Soeurs de St. Joseph'ler, Sayda'da okuturlardı. Lazarist'ler tarafından kurulmuş olan Antura College'i, genel olarak itibar 'kazanmıştı. 1860 da bu okula devam eden 300' öğrenci arasında, Mısırlılar  (ki Mısır'da Mottetbe" ordu komutanı bulunuyordu) Nubia'lılar, Habeş'ler ve hatta İran'lılar da vardı. Aynı derecede halis Fransız olan Chazir'deki Cizvit College'i, Antura College'i ile yarış ediyordu.
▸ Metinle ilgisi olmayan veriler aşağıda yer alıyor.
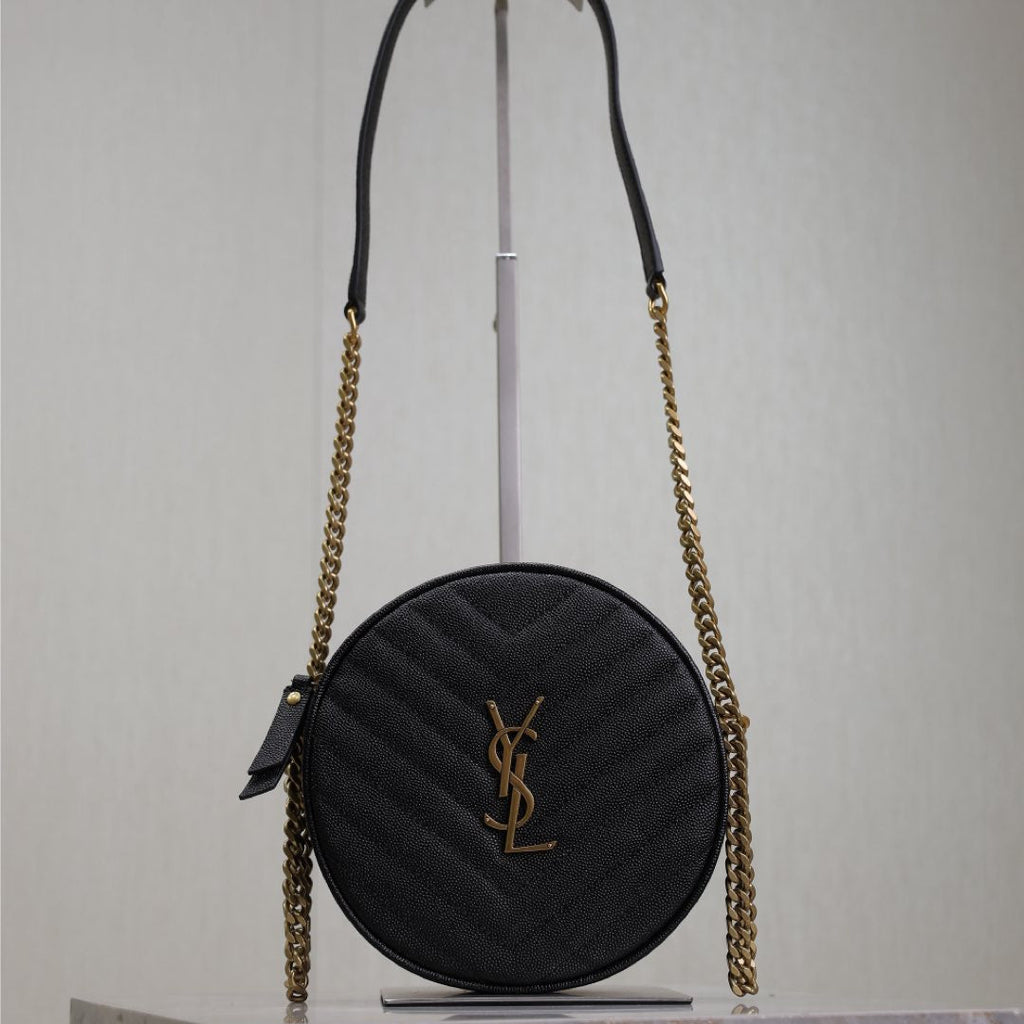 SAINT LAURENT VINYLE SMALL ROUND BAG 17 IN BLACK CAVIAR LEATHER GOLD HARDWARE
Fransız İmparatoriçesi Eugenie, İstanbul'da Ermeni Katolik "Kutsal Kadın Kilisesinde" dini âyine gittiği zaman kilisede yirmi Katolik piskoposu bu ayine iştirak etmişti. (Yorga,1948: 557-558-559)

Öte yandan 1830 tarihine doğru Elbasan Katolikleri Türk olmuşlardı. (Yorga,1948:556)

 

 

 

 

                                             GİRİT AYAKLANMASI

Ahalisinin çoğu Rum (50 000 Müslümana karşı 150 000 Rum) olan, 1821 den beri memnunsuzluğu daima artan ve sızlanan Girit adası, uzun zamandan beri bir ayaklanmıya hazırlanıyordu. Bunu çok iyi bilen Türk idarecileri, ayaklanmanın önüne geçmek için ellerinden geleni yapıyorlardı. Buna rağmen Türk valileri, önce Mısır valisine ve 1840 dan sonra da Osmanlı hükümdarına hizmet eden Mustafa Paşa zamanında 1841 ayaklanmasını bastırmakla uğraşmak zorunda kalmışlardı. 1852 de Mustafa Paşa Sadrazam olduktan üç yıl sonra, Girit'te doğmuş olan oğlu Veli Paşa, yenilikler arıyan adaya vali olarak gönderildi

1858 de Veli Paşa halka kilise bina etmiye müsaade etti ve kendisi de buna yardım etti. Hatta birçok Türk cemaatleri bütün mevcutları ile din değiştirerek Hıristiyan oldukları zaman bile, buna karşı bir harekette bulunmadı. Aynı yılın yazında bir takım asiler ortaya çıktılar ve Veli Paşa İstanbul’a kaçmak zorunda kaldı Sami ve Hüseyin Paşa1ardan sonra İsmail Paşa, 1862 de dağlık bölgelerde çıkan bir ayaklanma ile mücadele etmek zorunda kaldı.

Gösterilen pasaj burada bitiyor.